Through this journey, Vee says she’s developed such a bond with her daughter that Zara doesn’t have to say a word for Vee to know what’s going on.
“I can tell by her gestures; I can feel what she’s feeling,” Vee says.
She received encouragement and helpful advice from Katie Betz, the first mother Vee met whose child (Garrison) has Angelman Syndrome. Betz told her that most doctors, therapists and teachers haven’t heard of this disease. Keeping that in mind, she advises parents not to believe all they’re told.
“Our kids are unique individuals,” Betz said. “No neurologist can define your kid. There are different forms of the syndrome. In some ways they’re similar, but don’t let the diagnosis define your expectations.”
Betz says Vee has handled this challenge well with great family support and outstanding organization.
“She goes all the way,” Betz said. “I don’t know where she finds the time in the day. She gets a lot done, which is awesome.”
Zara is becoming more independent. She can put on her clothes and fasten her Velcro shoes. While her mom talked, Zara went and got her own juice and a snack.
She’s also learning more words, how to color and to trace her name. However, she is sensitive to smells, which makes it hard to visit other families or go to Hindu temple. Still, her mom reports, Zara has a lot of friends from school and therapy.
“You celebrate the victories,” Zee said. “I don’t see the struggles for her because she’s come so much farther than what I could imagine.”
A New Purpose
Noticing Zara’s progress, several mothers have sought out Vee’s advice on schooling, nutrition and day-to-day life.
“I’ve had moms open up to me,” she says. “They know why I opened the gym, and they feel comfortable to share with me what they’re going through, whether it’s autism or any other disorder. I give them access to resources and help give them guidance.”
These candid conversations with other mothers confirms her purpose in opening the gym — one of about 90 We Rock the Spectrum locations nationwide.

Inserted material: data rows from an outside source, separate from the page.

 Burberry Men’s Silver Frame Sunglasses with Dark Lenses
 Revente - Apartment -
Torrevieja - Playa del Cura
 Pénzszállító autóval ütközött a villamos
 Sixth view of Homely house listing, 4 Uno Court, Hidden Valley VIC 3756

“It has been an emotional ride, but it’s very fulfilling,” Vee said. “One of the reasons we did it is because we lacked this in the community.”
The irony, she says, is that she didn’t have clarity on where her life and passion would take her until Zara’s diagnosis. Zee now operates a therapeutic facility that serves about 500 local families.

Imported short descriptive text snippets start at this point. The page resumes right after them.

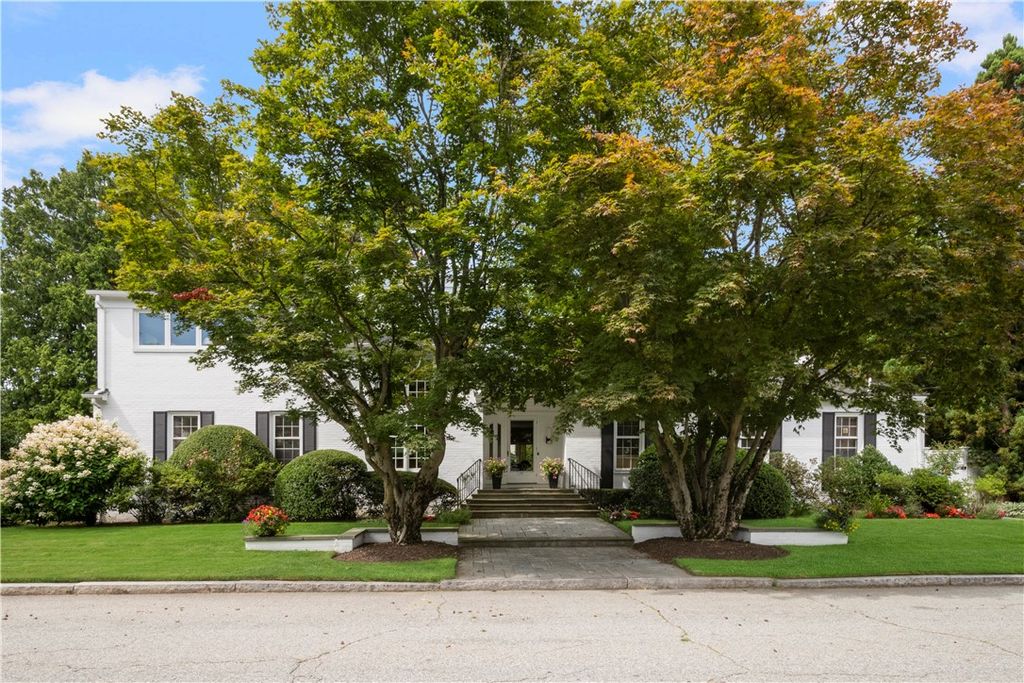 5 Barbour Drive, Providence, RI 02906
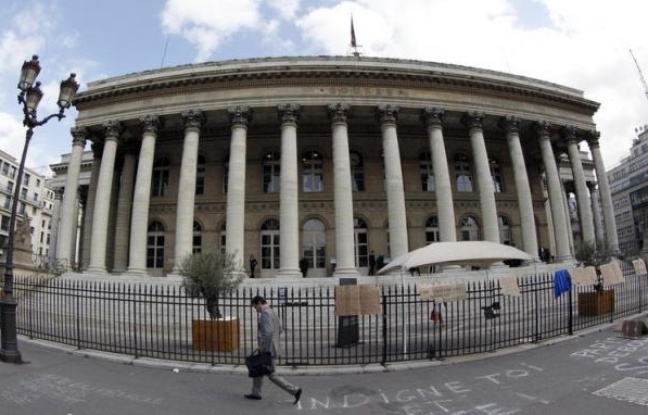 La Bourse de Paris se maintenait en hausse lundi à mi-journée mais marquait une légère pause (+1,56%), dans un marché dopé par l'annonce d'un plan d'aide au secteur bancaire espagnol et rassuré quant à la détermination des Européens à venir au secours de la zone euro. La Bourse de Paris se maintenait en hausse lundi à mi-journée mais marquait une légère pause (+1,56%), dans un marché dopé par l'annonce d'un plan d'aide au secteur bancaire espagnol et rassuré quant à la détermination des Européens à venir au secours de la zone euro.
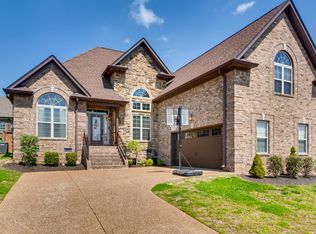 210 Karen Dr, Mount Juliet, TN 37122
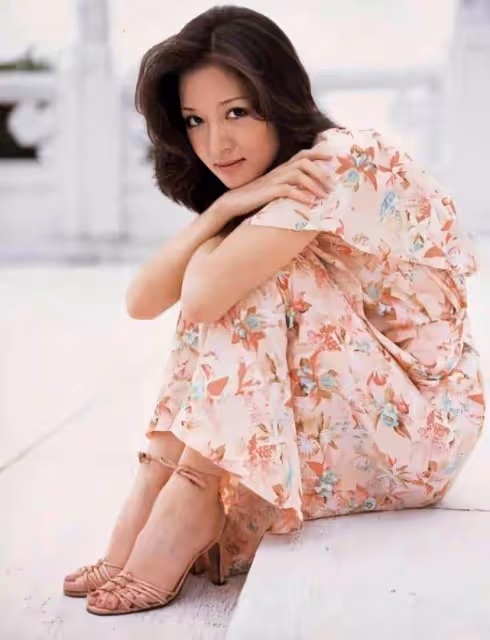 70歲胡因夢近況曝光!美了一輩子,穿搭樸素依舊風韻猶存,時尚感不輸年輕人:照樣迷人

“It’s family inclusive,” she said. “This is my passion. It’s an indoor playground. The children are from six months to 12 years. We have a lot of toddlers. We have birthday parties, classes and areas where the whole family can play.
“I’m on top of the moon,” Vee declares. “We can do everything through this gym.”
SAVE THE DATE
Walk For Angelman Syndrome & Sensory-Friendly Festival
When: Saturday, Sept. 12, 2020
Where: We Rock The Spectrum Kid’s Gym at Harbour Plaza (17640 S. Tamiami Trail, Fort Myers)
About the Event: Walk for Angelman Syndrome will be from 9-11 a.m., followed by a sensory-friendly festival from 11 a.m. to 3 p.m. It’ll feature a variety of great, local food trucks and craft beers. There will be music, dancing, face painting and other fun activities from local businesses. Proceeds benefit the Angelman Syndrome Foundation.